Since the Fourth Plenary Session of the 18th Central Committee proposed "exploring the establishment of administrative public interest litigation," it has gone through authorization decisions, top-level design, pilot programs, legal amendments, the issuance of relevant judicial interpretations, and case handling rules, leading to the improvement of the administrative public interest litigation system at the institutional level. It can be said that administrative public interest litigation has developed progressively. The role of the pre-litigation procedure in the entire field of administrative public interest litigation is extremely prominent, and the goal of reducing the litigation rate through the pre-litigation procedure, which was pursued at the beginning of the system design, has been largely achieved.

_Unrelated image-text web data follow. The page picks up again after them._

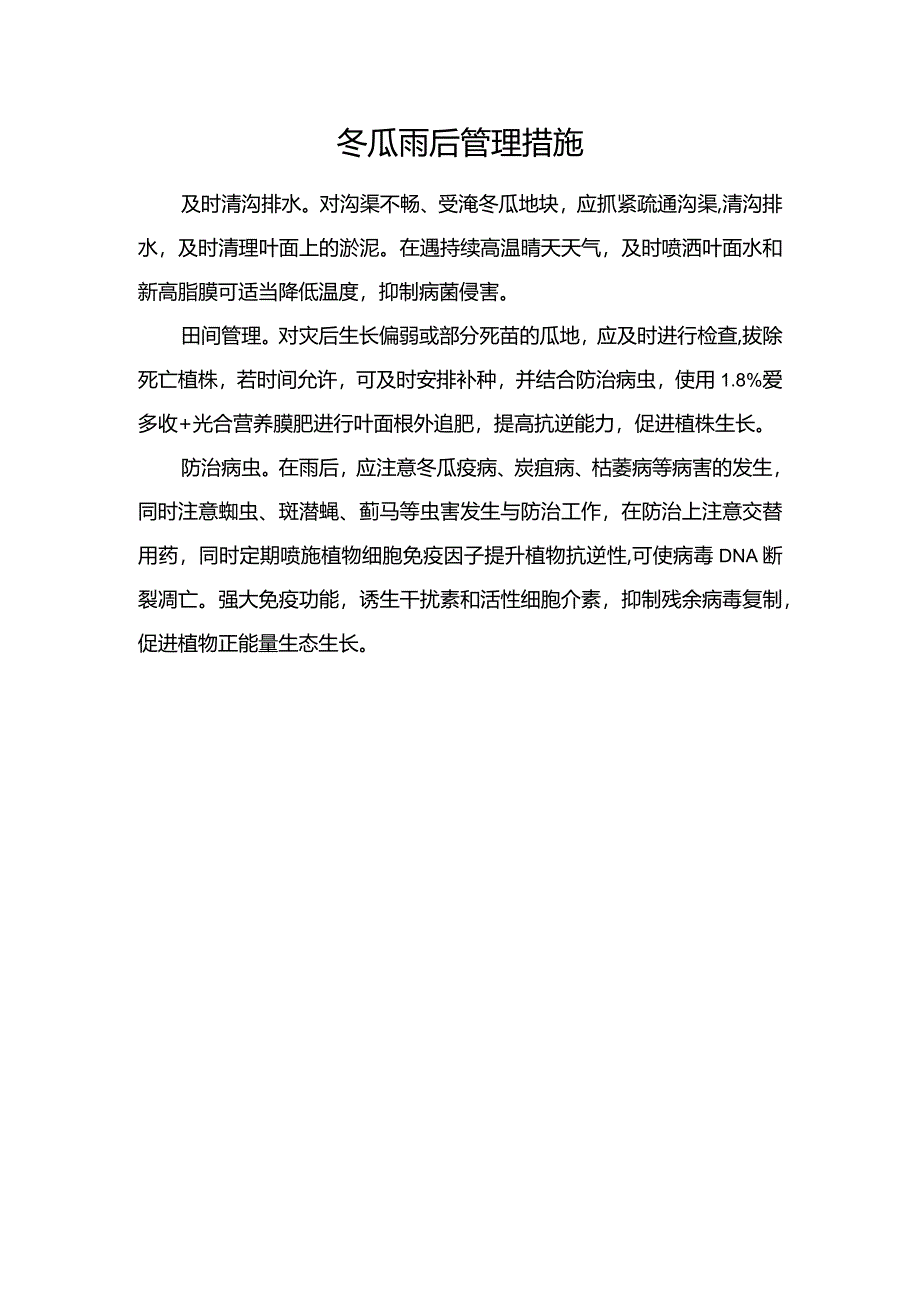 冬瓜雨后管理措施.docx_第1页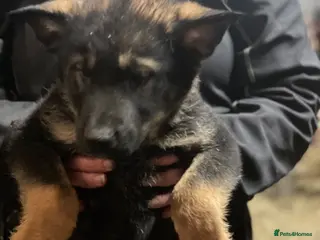 Shepsky dogs German Shepherd cross Husky Puppies - Advert 1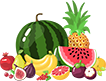 H5 Icon2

However, the law cannot completely cover and resolve the practical problems that arise in the operation of the administrative public interest litigation system, nor can it provide detailed guidance. Especially in the operation of the pre-litigation procedure, due to the involvement of the functions and value trade-offs of the two major state powers—administrative power and prosecutorial power—there are many discrepancies between the two on various issues. Therefore, it is necessary for laws and judicial interpretations to establish standardized and refined operational standards to address the aforementioned issues.